Tan lícito es justificar los desmayos de algunos ante lo que descubren bajo las faldas levantadas por los nauseabundos aires del Metro («céfiro de alcantarilla», decía un fanático), como la opinión de quien sólo ve allí unas rodillas bastas, unos muslos demasiado hinchados y, en fin, la ostentación puritana de un cierto horterismo físico muy patente. Este «proyecto de diosa» fabricado por un fotógrafo que la retrató desnuda a cambio de cincuenta dólares, «piernas de odalisca», «símbolo y llamada del paraíso», «boca de ázúcar», «turgentes senos» arrancados de un templo de Kajuraho; este ser humano que todavía vibra en las fosforescentes pántallas y ha de remover, supongo, los declinantes jugos espermáticos, debe admitir también, como los textos políticos, una segunda y hasta una tercera lecturas.

Las gentes que se aproximan a los cuarenta años rondaban la veintena cuando el nembutal y otros asuntos menos claros acabaron con la vida de esta mujer. Pero se trata sólo de un tipo determinado de gentes. Muchos varones que sufren hoy la marea Marilyn en películas mediocres y hasta vomitivas (pues las mejores películas de Marilyn son aquellas en que el protagonista es otro, por ejemplo, Jack Lemmon) no disponían en su juventud de un cine de barrio para gozar de los ensueños eróticos que, a falta de algo mejor, les producía esta señora ya madurita. Los que vivían en el campo o en internados de frailes -un porcentaje muy alto de los individuos de media edad en la sociedad española-, jamás atisbaron el muslo de Marilyn, ni saborearon de lejos el pringoso carmín de sus labios.

El mito, el jarabe reconstituven te, se lo hacen tragar ahora. Y se dan cuenta de que Marilyn nunca fue joven, nunca tuvo aspecto juvenil, por lo que no comprenden la mitomanía de quienes relacionan su muerte, o los últimos tiempos de su vida, con una forma particular de ser joven. Tal vez ellos eran realmente jóvenes, pero muy al margen de los corsés de la Monroe, dama que siempre presentó ese sutil aire fondón y carrocil que descubren con rapidez los muchachos de hoy. Si parte de estos adultos inducidos a comulgar con el mito no lo conocen, no pudieron verlo a su debido tiempo, porque el cine, hace treinta años, en España no estaba al alcance de todos los españoles -como hubiera dicho el No-Do-, a estas alturas es lógico que contemplen el objeto con un cierto rigor objetivo.

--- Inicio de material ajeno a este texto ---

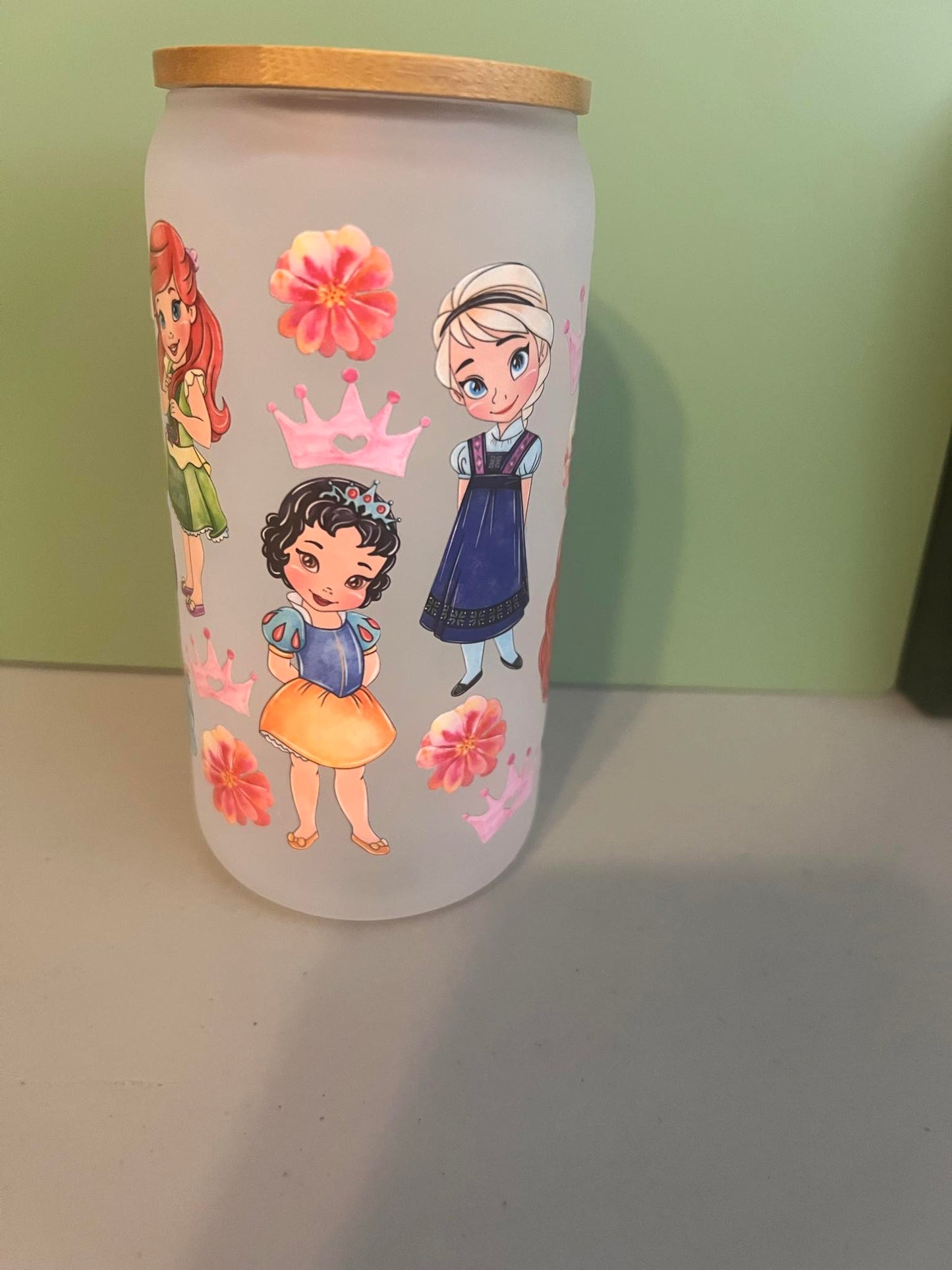 Baby Princesses Tumbler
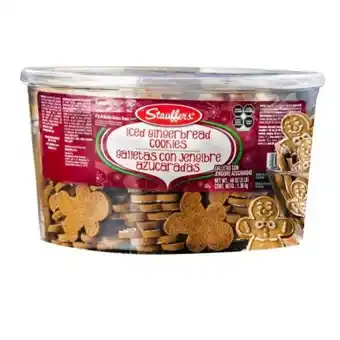 Galletas stauffer's con jengibre azucaradas 1.36 kg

Apetecible estaba la chica, desde luego, sobre todo para una larga urgencia como la de aquellos años. Como actriz, uno de sus guionistas afirmaba que sólo sabía mover el trasero. Cantaba como una monja procaz y libertina. En los estudios y en la vida real era bastante inaguantable, porque también creyó que era una diosa... Pero todo esto no significa mucho. Como tampoco las pintorescas y hermosas historias que se cuentan sobre su desgraciada vida, desde el guardia que la violó de niña hasta el teléfono caído junto a la mano exánime. Ya dije que el único valor de los mitos es su belleza formal y esta belleza no tiene por que corresponder necesariamente con la realidad del objeto mitificado. Por tanto, cualquier corazón bien nacido se llenará de ternura ante tanta majestuosidad histórico literaria.

Y por otro lado, aunque sobre gustos se ha escrito tanto, sigue siendo insuficiente. Hay varones que se sienten atraídos incluso por Greta Garbo y hasta conoce uno a alguien aficionado a las ovejas, a las gallinas y a las manzanas reineta, como Henry Miller, sin ir más lejos. ¿Quién iba a atreverse a discutirles sus predilecciones? En este campo, cualquier discusión sería una ofensa. El símbolo erótico que Marilyn Monroe fue en los años cincuenta, milagrosamente transmutado ahora en símbolo de la inocencia, ya permite alguna conjetura acerca del rigor de las imaginaciones eróticas y del cambio de los tiempos.

El que desee aferrarse a sus erotismos juveniles soportará, sin esfuerzo, esta indisgestión esperpéntica causada por una señora de cuya belleza podría discutirse mucho y cuyas aptitudes profesionales no han sido convincentemente demostradas. Ni podrán serlo, después de la marea de los doce sábados. Los demás pueden dedicarse a soñar con Ornella Muti, por ejemplo.